Load jieba self_dictionay cost too much time

Hi,I am new to rasa. And I train a model use the config as follows

language: “zh” pipeline:

  • name: “JiebaTokenizer” dictionary_path: “userdict/”
  • name: “RegexFeaturizer”
  • name: “CRFEntityExtractor”
  • name: “EntitySynonymMapper”
  • name: “CountVectorsFeaturizer”
  • name: “EmbeddingIntentClassifier”

In my case ,I put about 100M txt file in the dictionary_path which contains large number of movie_name and star_name.So every time I restart the server or fetch a new model from a server by url I set in endpoints.yml, rasa will cost about 10 second to response for the next request.What is worse is that I deploy my model with docker for about 30 containers .So I will have 30 very slow request each time I train a new model . my user_dict for jieba will change very offen,because I have to add some new move_name and star_name .So I have to train and fetch a new model very offen.Anyone can help me about this.
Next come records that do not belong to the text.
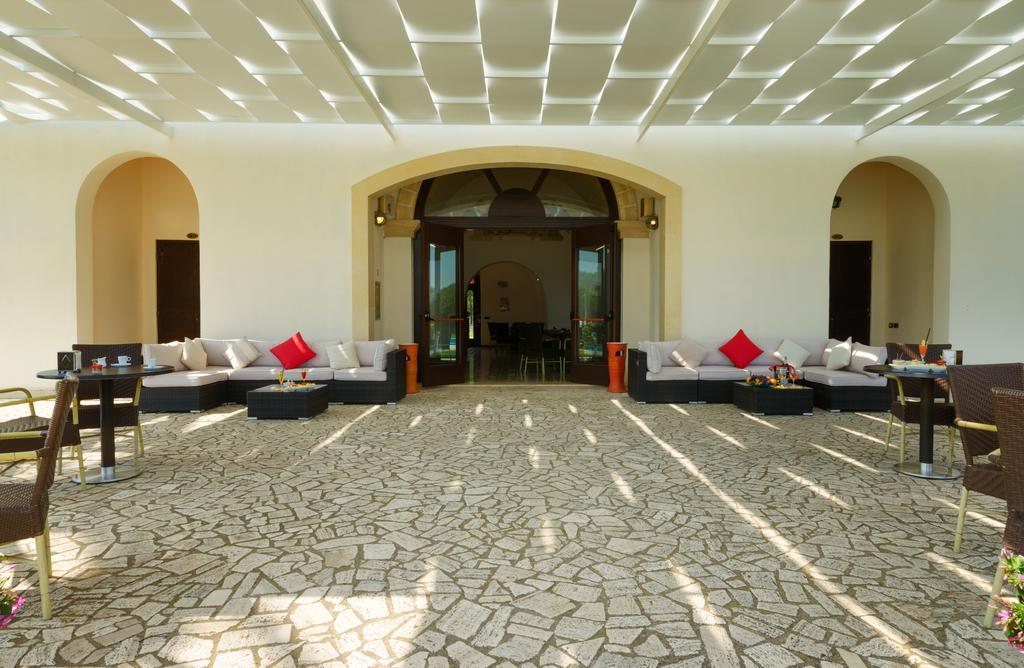 Amaregold Tenuta La Baronessa Resort Tuglie Ngoại thất bức ảnh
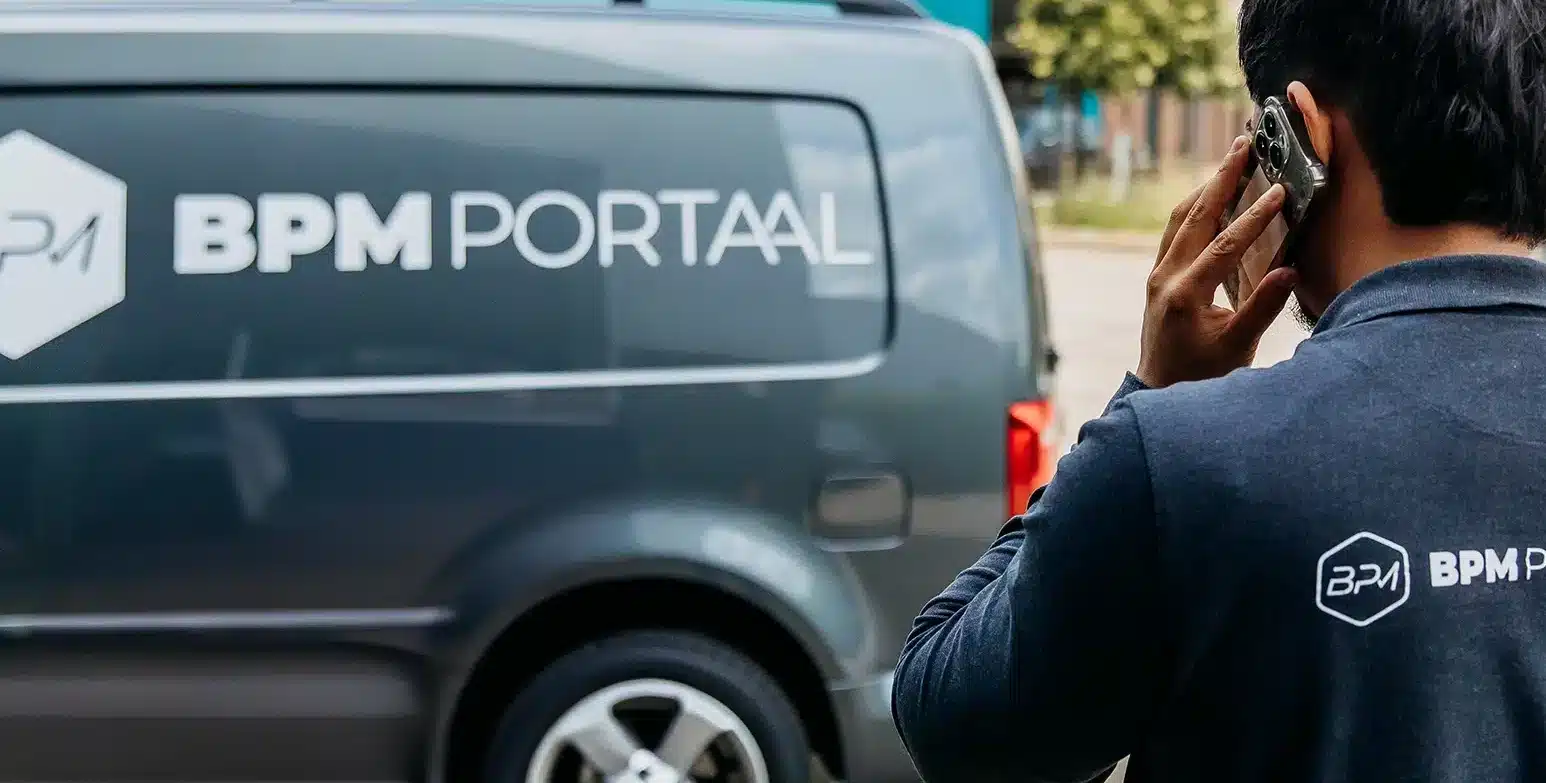 Contact met BPM Portaal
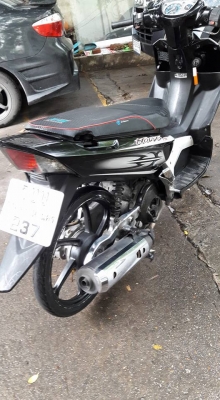 ขายลูกเดียว nouvo mx ปี2551 ส่งได้ทั่วไทย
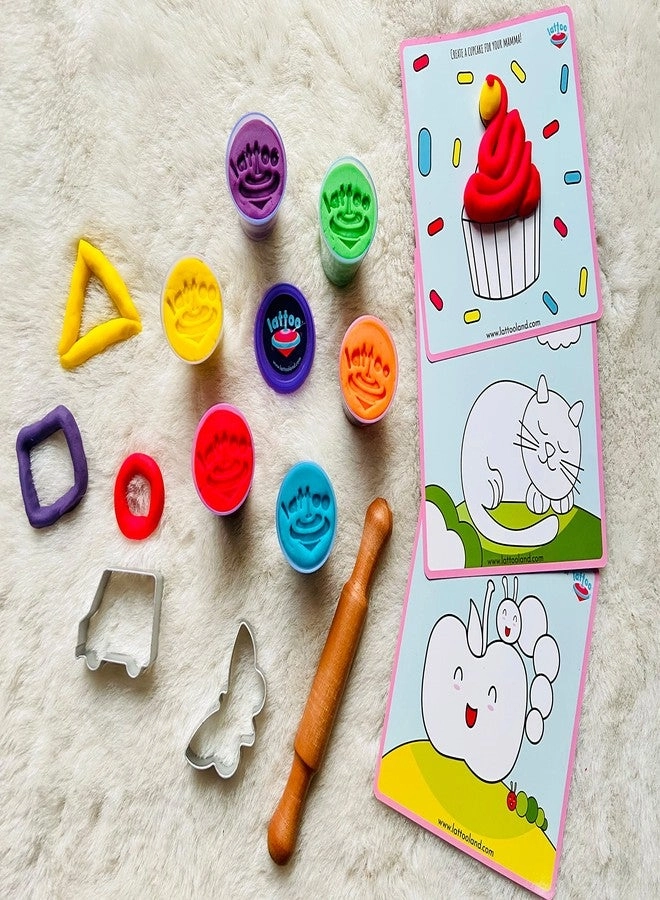 Timeless Clay Dough Kit - 1.5+ years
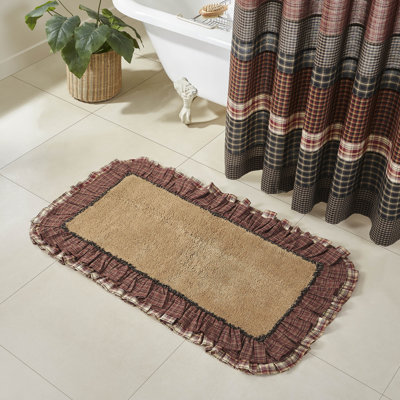 Tapis pour salle de bain Beckham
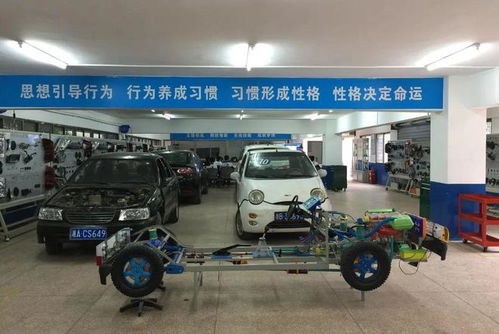 長沙高新技術(shù)工程學(xué)校智能控制專業(yè)群 賦能汽車產(chǎn)業(yè)技術(shù)開發(fā)的未來精英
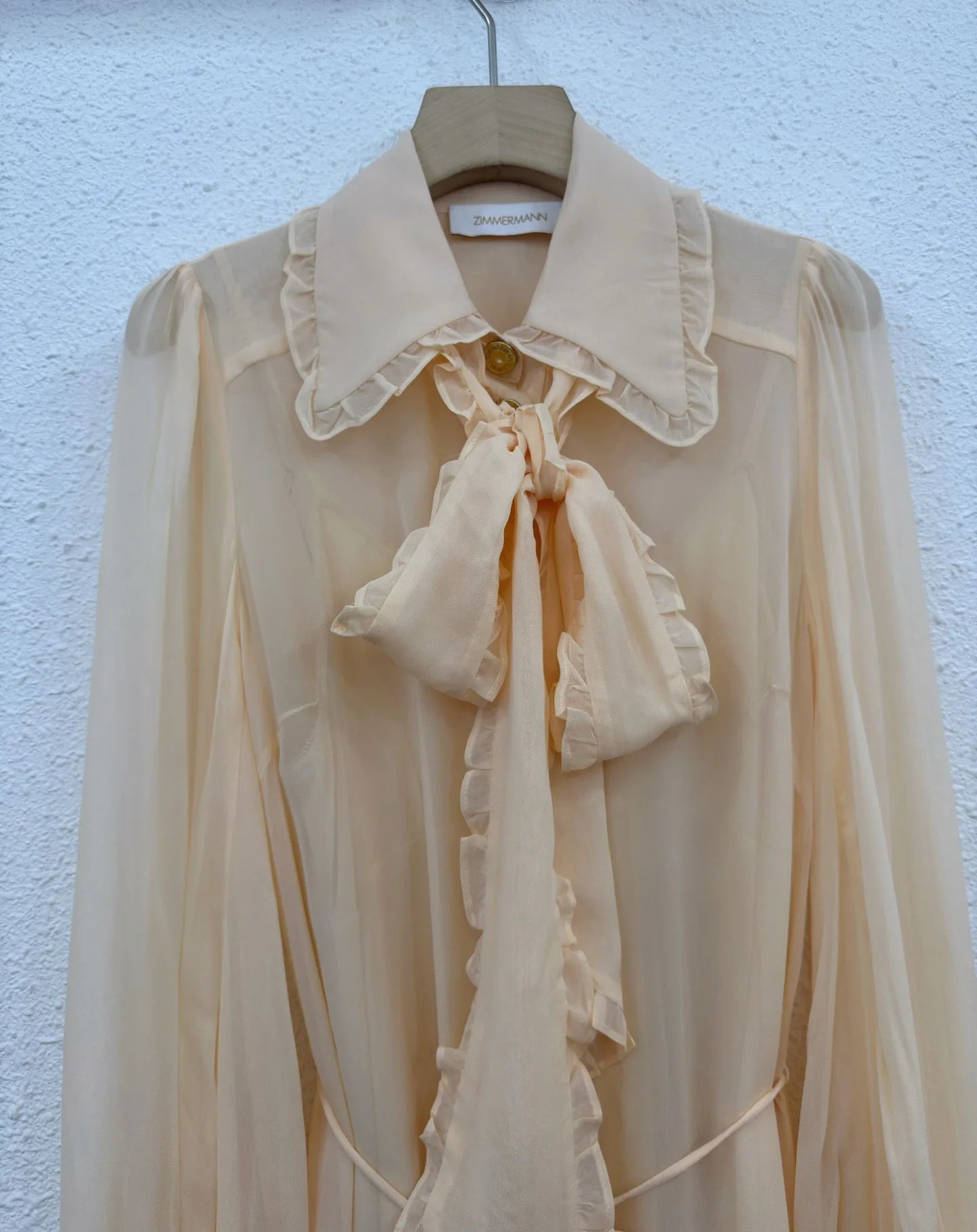 Zimm Vintage Bohemian Women Long Lantern Sleeve Lace-up Turn-down Collar Solid Midi Dress Chic Elegant Luxury Runway Designer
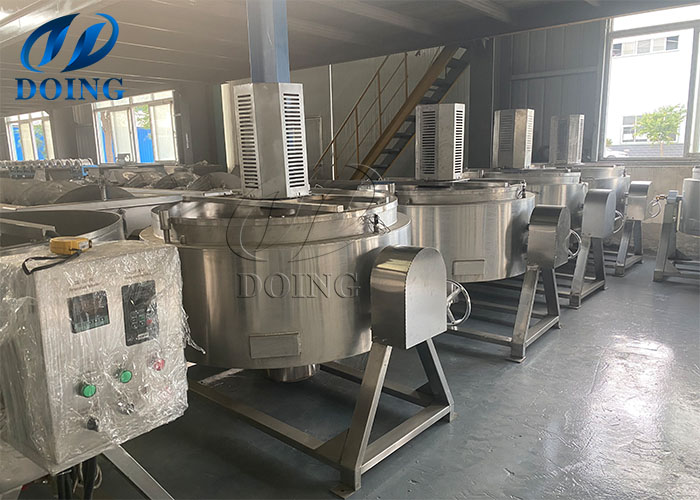 Équipement de transformation du garri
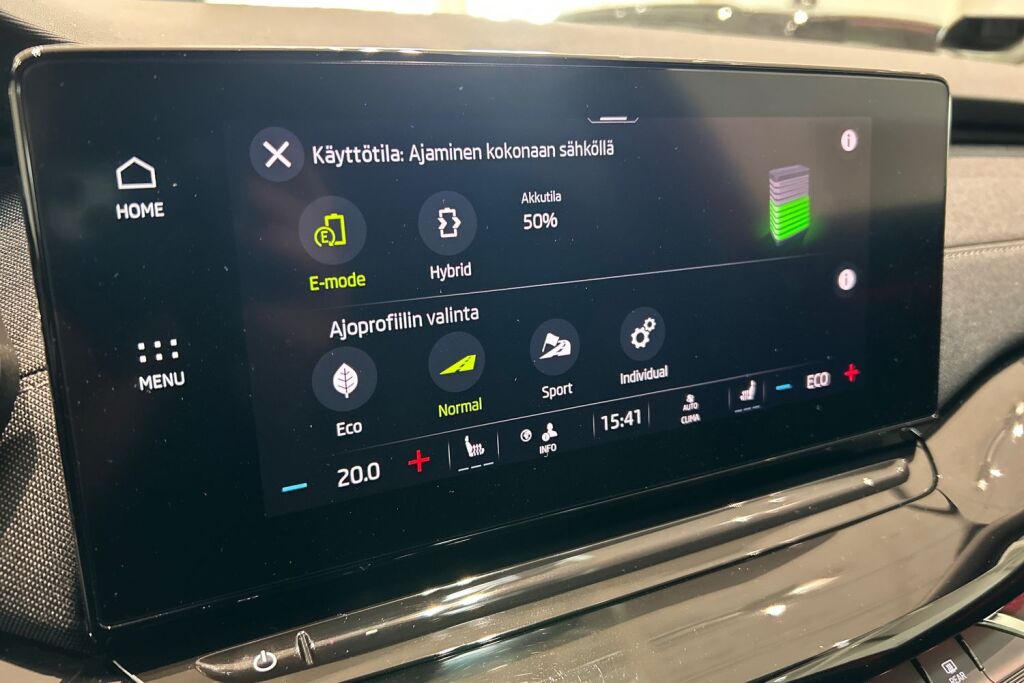 SKODA Octavia 2024 1.4 TSI PHEV SportLine iV DSG Autom.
I don’t think there is anything from the rasa side that you can do about this as you will have to retrain whenever you update the dictionary. If possible it’d be best to reduce the size of the file. Why is it so large?

Thanks for reply.I think I have to find some other solution from other side

Glad to hear it :+1: If you think your solution could help others would mind outlining it here?